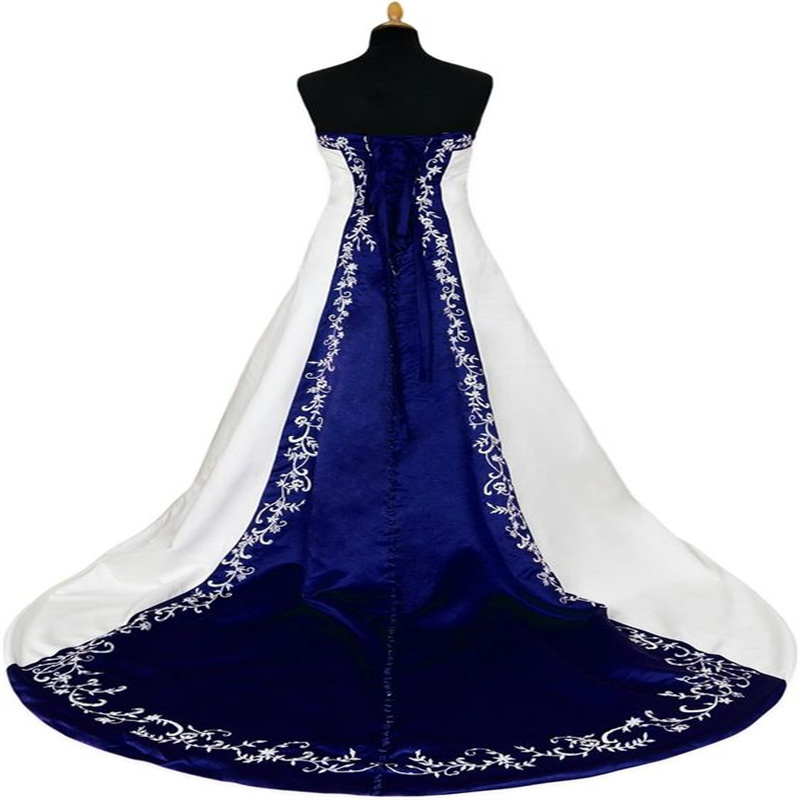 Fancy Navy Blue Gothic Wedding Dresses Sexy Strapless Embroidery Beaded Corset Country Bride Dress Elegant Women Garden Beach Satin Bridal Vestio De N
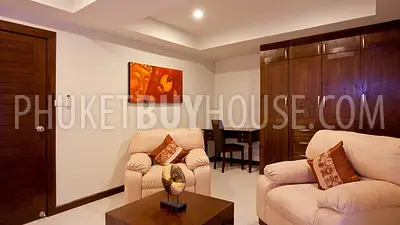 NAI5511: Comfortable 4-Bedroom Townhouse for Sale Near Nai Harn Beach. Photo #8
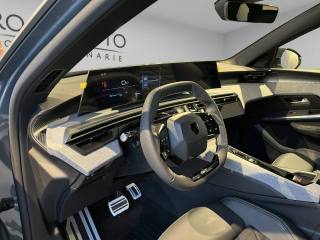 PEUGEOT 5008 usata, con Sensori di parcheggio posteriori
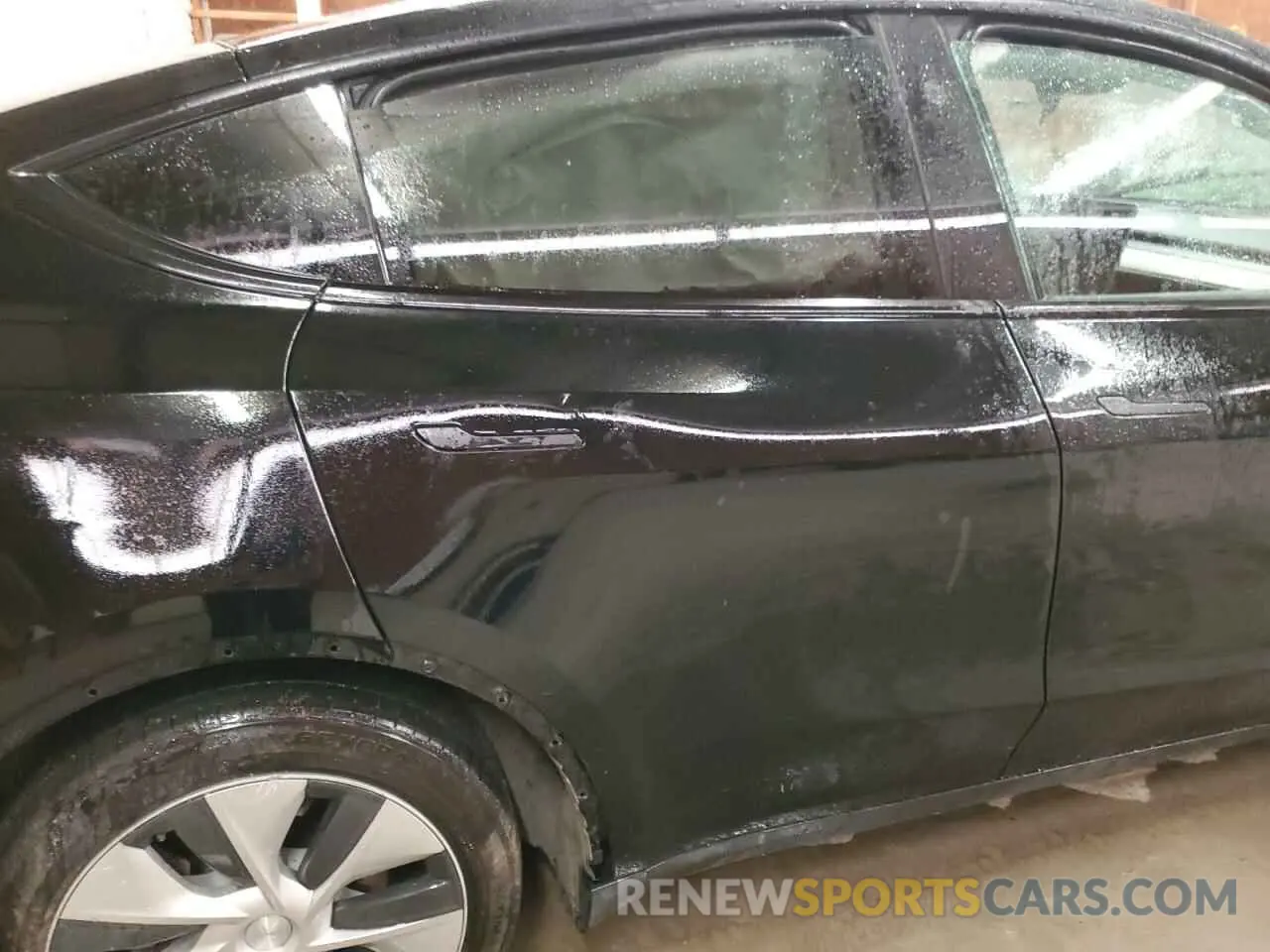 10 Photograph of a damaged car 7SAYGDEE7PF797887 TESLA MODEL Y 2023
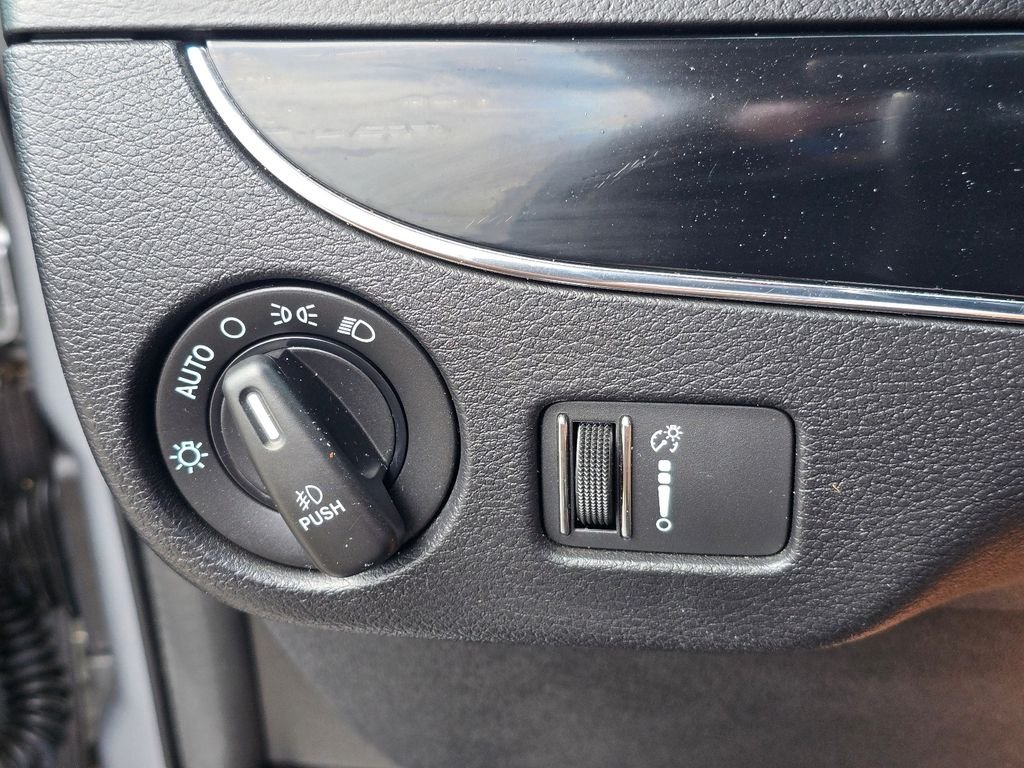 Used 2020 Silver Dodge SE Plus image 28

★ ★ ★ ★

Work request >> Please set down each entry word for word, without its images.

Task response >>
 Fancy Navy Blue Gothic Wedding Dresses Sexy Strapless Embroidery Beaded Corset Country Bride Dress Elegant Women Garden Beach Satin Bridal Vestio De N
 NAI5511: Comfortable 4-Bedroom Townhouse for Sale Near Nai Harn Beach. Photo #8
 PEUGEOT 5008 usata, con Sensori di parcheggio posteriori
 10 Photograph of a damaged car 7SAYGDEE7PF797887 TESLA MODEL Y 2023
 Used 2020 Silver Dodge SE Plus image 28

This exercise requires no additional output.